The problem - Write out the entries below exactly, but only from the line containing "3 Vascular Supply: The" through the line containing "Villa Pirello Guardiagrele", and without the pictures.

Raw data -
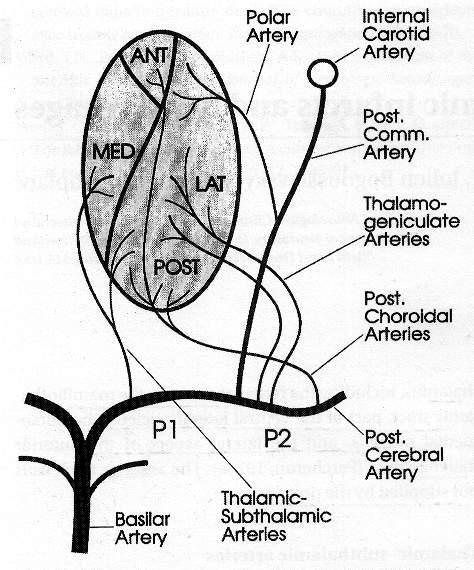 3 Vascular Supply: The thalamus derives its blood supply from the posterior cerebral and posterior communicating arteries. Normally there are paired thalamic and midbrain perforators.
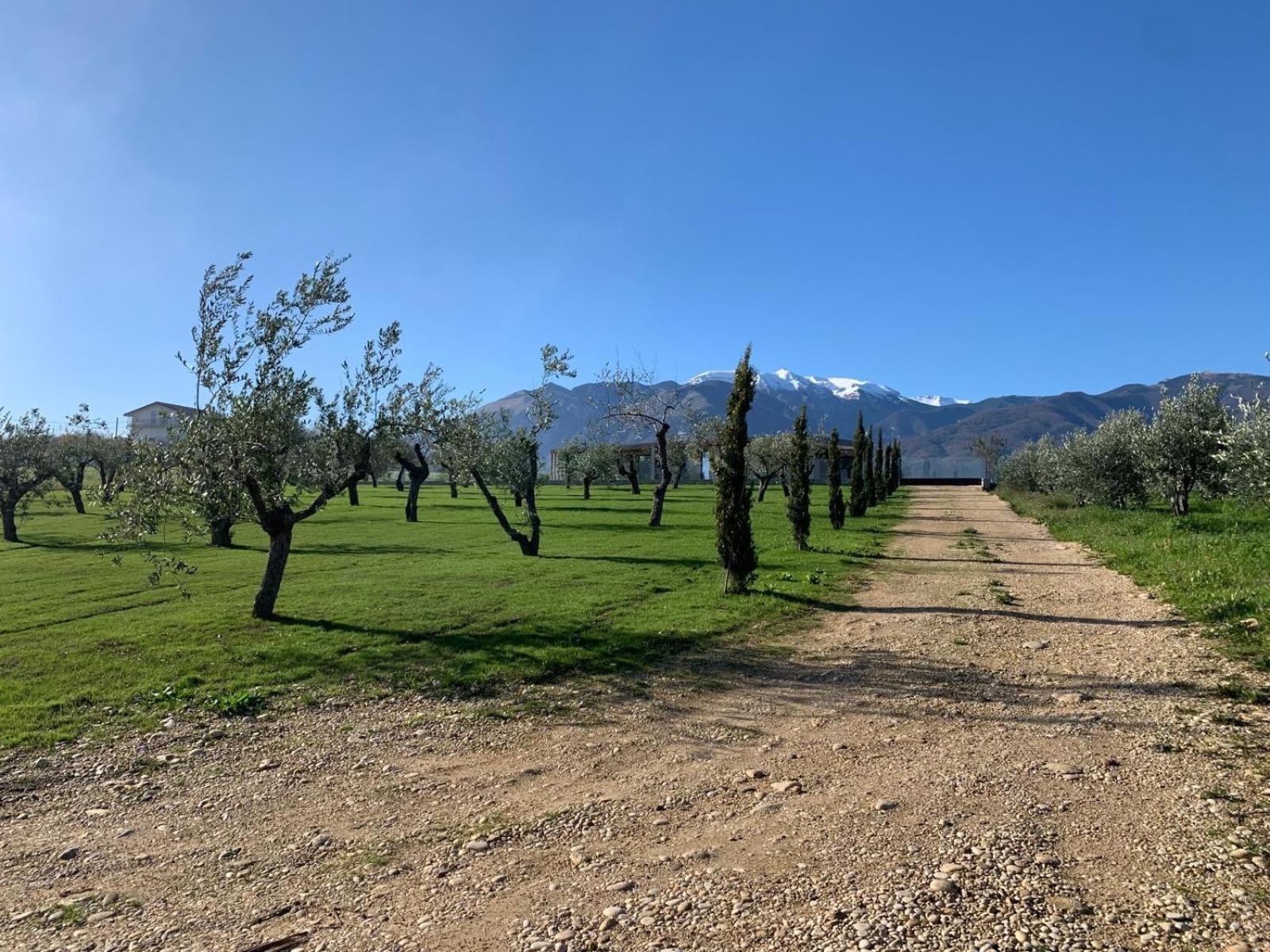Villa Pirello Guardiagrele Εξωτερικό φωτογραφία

...

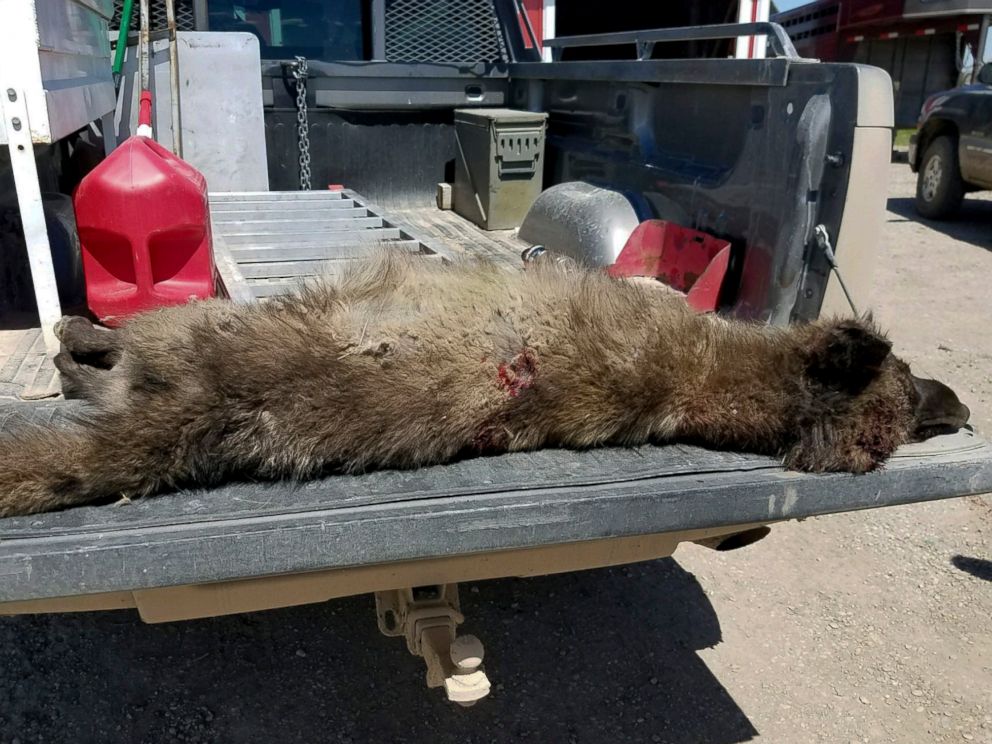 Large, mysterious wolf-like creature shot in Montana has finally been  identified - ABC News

Output below -
 3 Vascular Supply: The thalamus derives its blood supply from the posterior cerebral and posterior communicating arteries. Normally there are paired thalamic and midbrain perforators.
Villa Pirello Guardiagrele Εξωτερικό φωτογραφία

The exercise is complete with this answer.